> **Requirement**
Beginning with the line that includes "That's it for", return every remaining line of the material exactly as it reads, but not the pictures.

> **Dataset excerpt**
>>>

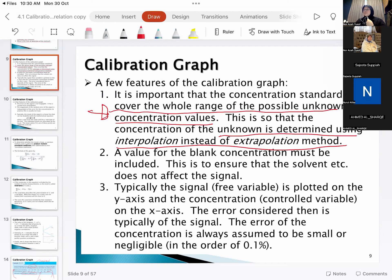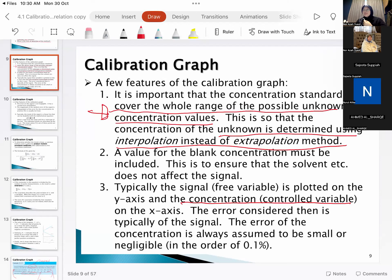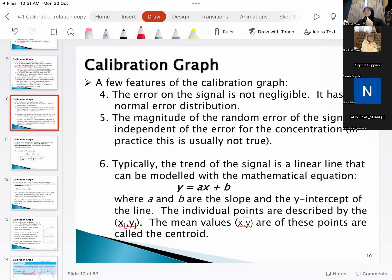A blank concentration must be included — a sample with no fluorescein — so you run a control. Typically the signal is plotted on the y-axis (fluorescent reading from instrument) and the concentration, which is the independent variable that you prepared, is on the x-axis. The fluorescent signal is the dependent parameter. The error considered is typically from the signal — probably from the machines — which has a normal error of distribution.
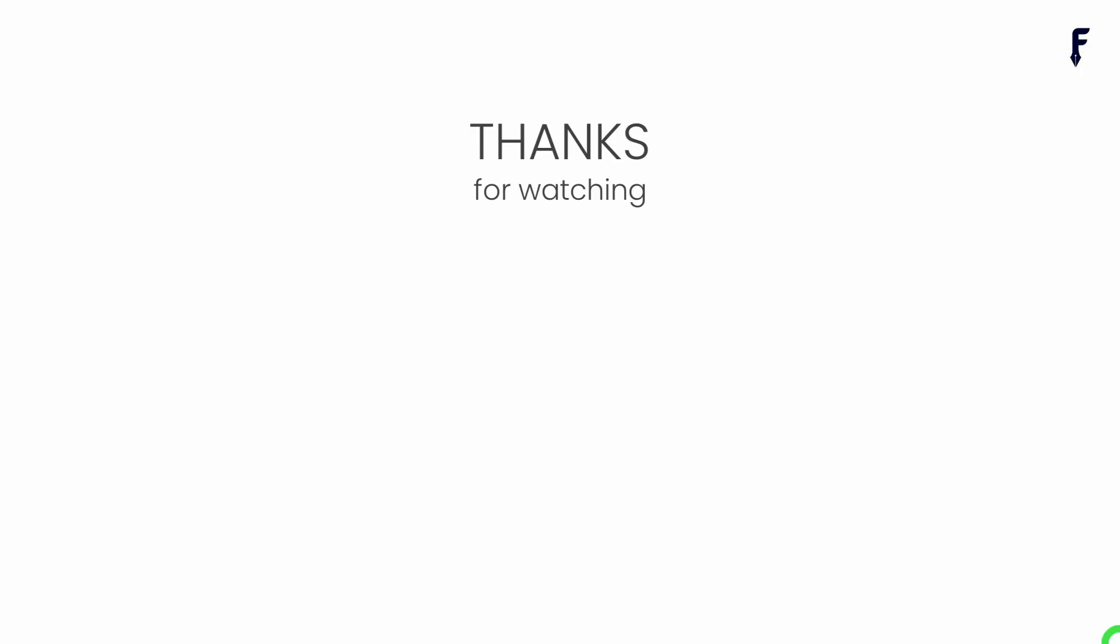That's it for this video. See you guys in the next video. If you really found this video helpful and knowledgeable, then don't forget to like, share, subscribe, and hit the bell notification button to get my latest videos.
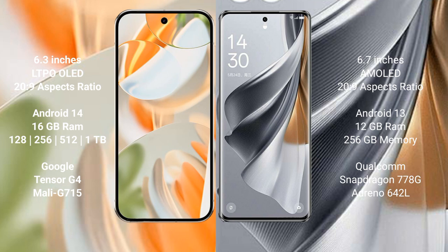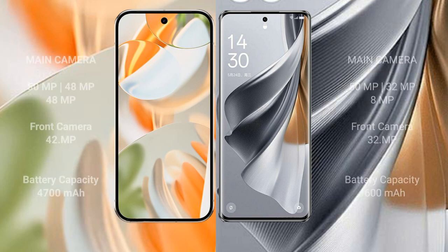The Oppo Reno 10 Pro comes with 12GB RAM and 256GB internal storage, powered by the Qualcomm Snapdragon 778G processor with Adreno 642L GPU.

<<<

> **Result below**
That's it for this video. See you guys in the next video. If you really found this video helpful and knowledgeable, then don't forget to like, share, subscribe, and hit the bell notification button to get my latest videos.
The Oppo Reno 10 Pro comes with 12GB RAM and 256GB internal storage, powered by the Qualcomm Snapdragon 778G processor with Adreno 642L GPU.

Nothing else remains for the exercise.